Bird, Timothy Tim.Bird at sony.com
Thu Mar 30 17:51:44 UTC 2017



> -----Original Message-----
> From: dhinakar k on Tuesday, March 28, 2017 7:34 PM
> 
> Hi Tim,
> 
> That was a very detailed reply.
> Thank you very much.
> 
> Just one follow up question.
> How does Fuego compare with Avocado?
> If you had checked it out already please let me know.

I did take a quick look at Avacado a while back, and put
some notes at:
http://bird.org/fuego/Other_test_systems#Avacado

Avacado has some very nice features.
It seems like it excels at handling large test matrices.  It has yaml
files to define the different test variations.

They also interface well with Jenkins - a single command-line from a Jenkins
job can start an avocado test, and they product output that is easily parsed
by existing Jenkins post-processors.
e.g. 'avacado run /bin/true sleeptest passtest --xunit "$WORKSPACE/results.xml"...'

They have an 'avacado server' concept, where each host can execute jobs from
another machine (I believe - I haven't tried it out).

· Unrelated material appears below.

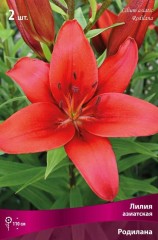 Лилия азиатская Родилана (Lilium asiatic Rodilana)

So far, it looks like Avacado is used for virtualization testing.  I don't see a 
lot of different tests that run on this framework.

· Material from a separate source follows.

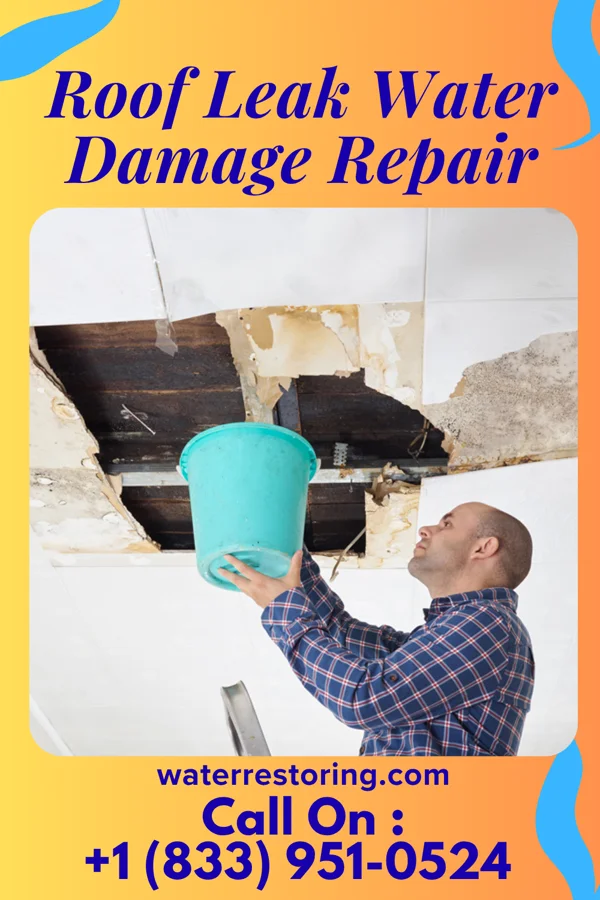 Roof Leak Water Damage Repair in Greenwood, WI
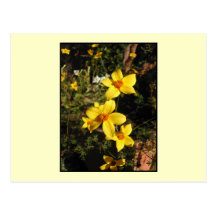 Yellow Flowers. Bidens. On Cream. Postcards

Here are some of the major difference, that I can see (this is with limited
study of Avacado, so I apologize for any omissions of features on their part):
1) Fuego is both a test framework, and a distribution of tests themselves.
  * We have about 60 tests now, with about 90 in our 'next' branch
     * the goal is to have hundreds of tests available, for a wide variety of system features and issues
2) Fuego provides a consistent, containerized back end (docker) so that the
 builds of the test software can be uniform between different sites.
   * this will help when comparing results from different sites
       * multi-site results comparisons are not done yet, but on our roadmap
3) Fuego has a multi-node test API (host/target), that is specially geared for
embedded linux testing
  * the footprint on the target is intentionally very small, using existing POSIX features
     * IOW - there is no specialized target agent on the target board (except for a transport agent, like sshd or adb)
  * Fuego is geared towards testing of final production images of the software stacks for products
4) Fuego is behind Avacado in terms of:
   a) unified test ouput (we're working on that now)
   b) test results sharing
       * (also in-progress - 'runs' can be packaged and shared now to a central server, in our 'next' branch)
       * however, there's only rudimentary test display and analysis on the Fuego server at the moment
           * Avacado seems to be using Jenkins for this - and we should look at them more closely to see what they're doing

There are more, but hopefully this is helpful to see some of the differences.